------ Recorded data ------
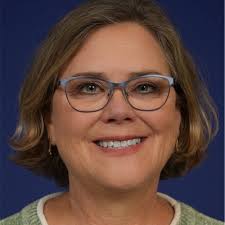 Join us in welcoming the newest additions to our faculty: Chief Enrollment  Officer Caroline Fisk, Director of Athletics Mary Semler, and teachers  Elsabé Dixon, Lydia Emory, and Ginny McKinley!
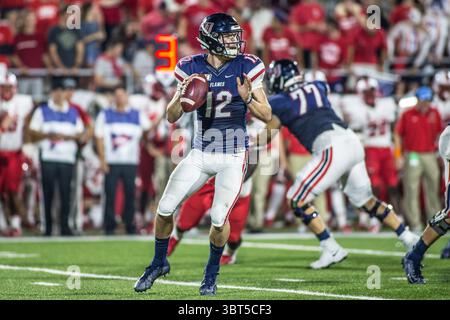 28 septembre 2019 : le quarterback des Liberty Flames Stephen Calvert (12 ans) cherche un receveur ouvert sur le terrain lors d'une action de football NCAA entre les Lobos du Nouveau-Mexique et les Liberty Flames au Williams Stadium de Lynchburg, en Virginie. Jonathan Huff/CSM.(image de crédit : &copy ; Jonathan Huff/CSM via ZUMA Wire) Banque D'Images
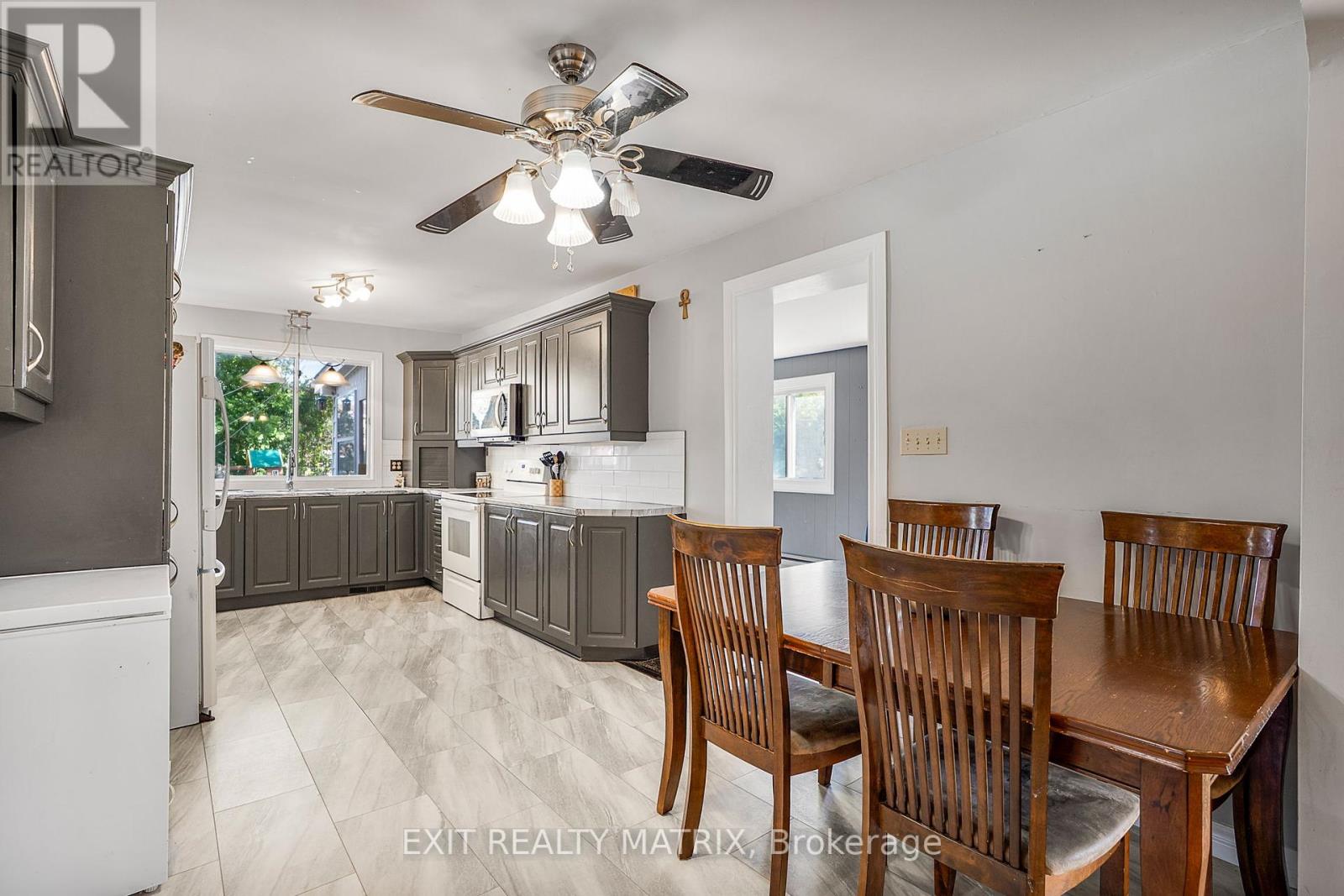 453 Garneau Street, Hawkesbury, Ontario  K6A 1M6 - Photo 8 - X12450153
------
Your goal: Every line of the material must be returned exactly; leave the images out.

Final answer:
 Join us in welcoming the newest additions to our faculty: Chief Enrollment  Officer Caroline Fisk, Director of Athletics Mary Semler, and teachers  Elsabé Dixon, Lydia Emory, and Ginny McKinley!
 28 septembre 2019 : le quarterback des Liberty Flames Stephen Calvert (12 ans) cherche un receveur ouvert sur le terrain lors d'une action de football NCAA entre les Lobos du Nouveau-Mexique et les Liberty Flames au Williams Stadium de Lynchburg, en Virginie. Jonathan Huff/CSM.(image de crédit : &copy ; Jonathan Huff/CSM via ZUMA Wire) Banque D'Images
 453 Garneau Street, Hawkesbury, Ontario  K6A 1M6 - Photo 8 - X12450153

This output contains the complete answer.